If you read my most recent post, you are aware I have been ill for a few days. It is nothing serious. Just a cold which made its way down into my chest along with some aches and pains and tiredness. However, I am feeling better. In fact I feel well enough to start posting again.
Illness has a way of getting me to slow down just a bit from the normal pace of life I keep. Not that I am overly busy. I had already moderated my activities considerably in the past year. Yet still, life does get demanding, given the pressures of work, church and doctoral research, and the desire to stay connected to family and friends. The much slower pace of the last couple of days has reminded me of the importance of margin and perspective. There are some things that can wait. Others require attention even in the midst of illness. My relationship to God, my family and even my close friends must continue to receive attention. Work can take a temporary break, made possible by an understanding employer. Church can take a break — I hear those gasps out there. It’s okay. I haven’t backslidden, so relax. :) — at least for awhile. Besides, it is done with the full awareness and support of my pastor. It pays to have a positive relationship with the leadership. Hobbies definitely can wait too, as demonstrated by my having set them aside for a season.
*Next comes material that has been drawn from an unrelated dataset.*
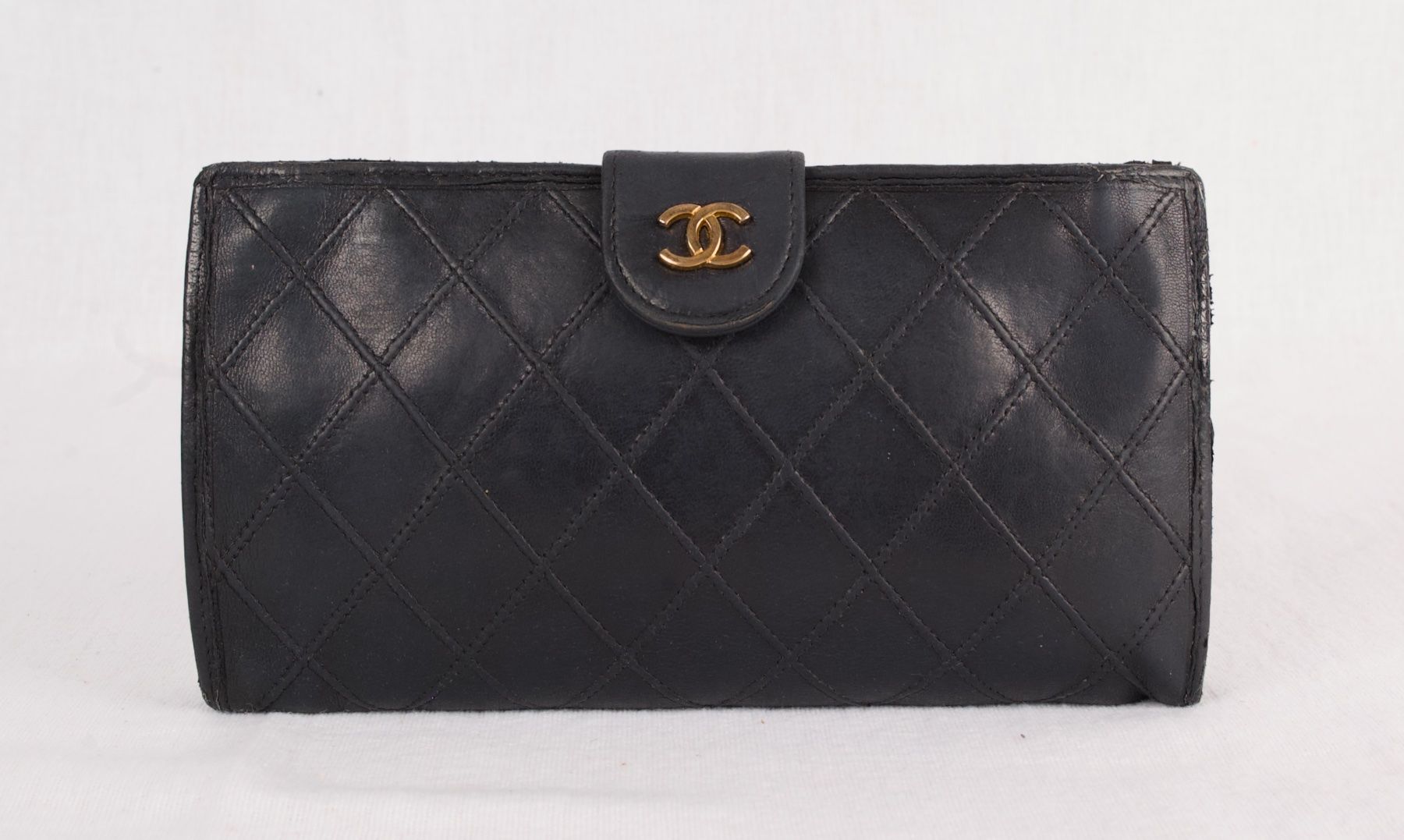 Portamonete: Auth CHANEL bifold wallet quilted CC logo lambskin – Usato da Lausanne venduto da Lamedusac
My point is that slowing down due to illness reminds me of the most important priorities. It calls to attention those things which should always be at the forefront of my attention, no matter the station of my life, ill or healthy. Remembering what is most important gives me a focused perspective, which in turn inspires healthy margin. Perhaps this is why I found a way to attend my niece’s debut lead performance in a ballet, rather than a regularly scheduled church meeting on June 1. Perhaps it is why I call my mom frequently and visit her as often as possible, although there are other interesting things I could do with that time, albeit none so interesting that they could turn my attention from my love for my mother. Perhaps it is why I am learning to grow less concerned about what some may think of me when I turn down what appears to be great opportunities for specific tasks or roles. I ask myself how each opportunity fits into the purpose God has given me. It is a matter of prayer, thought, margin, purpose, and resolve. There are many good things I could be doing. But what is best? Specifically, what is best for this season in life?
Some of my readers are pulled here and there by the demands of many. What started as a bunch of exciting opportunities has developed for you into a quicksand of conflicting priorities. And you feel burned out. Let me encourage you with this thought. There is help and hope. You will make it. Map out what needs to be done. Write down your goals and priorities. Do this in prayer and with wise counsel from a few trusted friends. Perhaps your pastor can help with this. If not, then maybe a wise counselor. Then execute the tasks and mark them off one by one. Negotiate extended time frames, if possible and where necessary, concerning tasks which seem to be less of a priority. Then, as you move through this season, begin to think of creating margin in your life. What must you keep doing for the sake of yourself and your family? What activities do you like to do, but you know you can stop for a season in order to create more time? What activities do you simply need to stop? For those who are married, your spouse will give you valuable input. For those who are single, go to your closest friends or perhaps a family member who will be honest with you. Make it a goal to accomplish the following within one year:
1. Get 8 hours of sleep per sleep cycle. (Some of you work graveyard or swing shifts, so that is why I don’t specify a time).
2. Share in Scripture and prayer with family at least 15 minutes per day (for families). For singles, share in Scripture and prayer at least 15 minutes with a friend(s) at least once per week, if not more often. But have personal devotions daily, for all.
3. Exercise regularly. If you do not have time to exercise, then you are overscheduled. Some of you get your exercise at work, which is great. (Eg. When I worked in wood products it was an 8+ hour workout daily.) Most do not, so this is relevant for you.
4. Families should be able to spend some time together at least weekly, if not more. Read Randy Frazee’s books, “Making Room for Life” and “The Connecting Church” for more on this. Singles should seek connection in healthy ways through the week, beyond simply attending church. If you lack time to do this, there may be a lack of balance.
By now a few might be rolling their eyes, thinking, “Oh there he goes again, that single guy who hasn’t a clue about the reality of family life. Well, get over it. :) If my dad could work three jobs for a season to meet the needs of the family and still find a way to share a meal at dinner with us, then I am sure there are ways to redouble the focus on margin and priorities in our lives as well. I can assure you there is plenty to which he said no so that he could spend time with us. The same is true with my mom. So I share based on 43 years of being their son and their nearly 52 years of marriage before my dad passed last August.